This slide talks about data caches reducing stalls. Modern processors have separate instruction and data caches. Is there a reason why only data caches are mentioned here? Even instruction caches can reduce the number of stalls, right?
@afa4, I think this slide is talking about prefetching. On this slide, the reason why only data cache is mentioned is because we assumed that the instructions have already been made available in some way (maybe instruction prefetch, or it's already in cache etc.) and that the performance is bottlenecked by the memory accessing latency.
The point is that prefetching can reduce this stall by analyzing the memory accessing patterns and issue loads before the execution flow gets there.
I have a question regarding cache data prefetching. Let's take an array and a linked list. Could we consider that in general iterating through elements in an array would be faster than elements in a linked list?
The simplest algorithm for prefetching data would be to cache all data next to some data element we are accessing.
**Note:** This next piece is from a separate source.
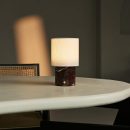Dou Red / Rosso Levanto - Marmor wiederaufladbare Tischlampe - Schnurloses, 3 Lichtmodi und mit Leinenwechselschildlampenschatten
Therefore, iterating through an array would be quite fast as all next elements would be really likely to be cached.
Then, in a linked list, predicting the next accessed data would be more complex as it would have to know that the next element is pointed by the current one somehow. And it is likely that the next element would not even have been cached, so we'd have a cache miss maybe for each next element. The allocation algorithm would also have an impact on how elements are scattered.
EDIT : interesting video of Mr. C++ (Bjarne Stroustrup) discussing of the use of linked lists vs. array
I'm a little confused on how prefetching works from a hardware standpoint. Is there a unit that is solely responsible for analyzing memory access patterns and prefetching data into the cache that operates independently from the processor executing instructions?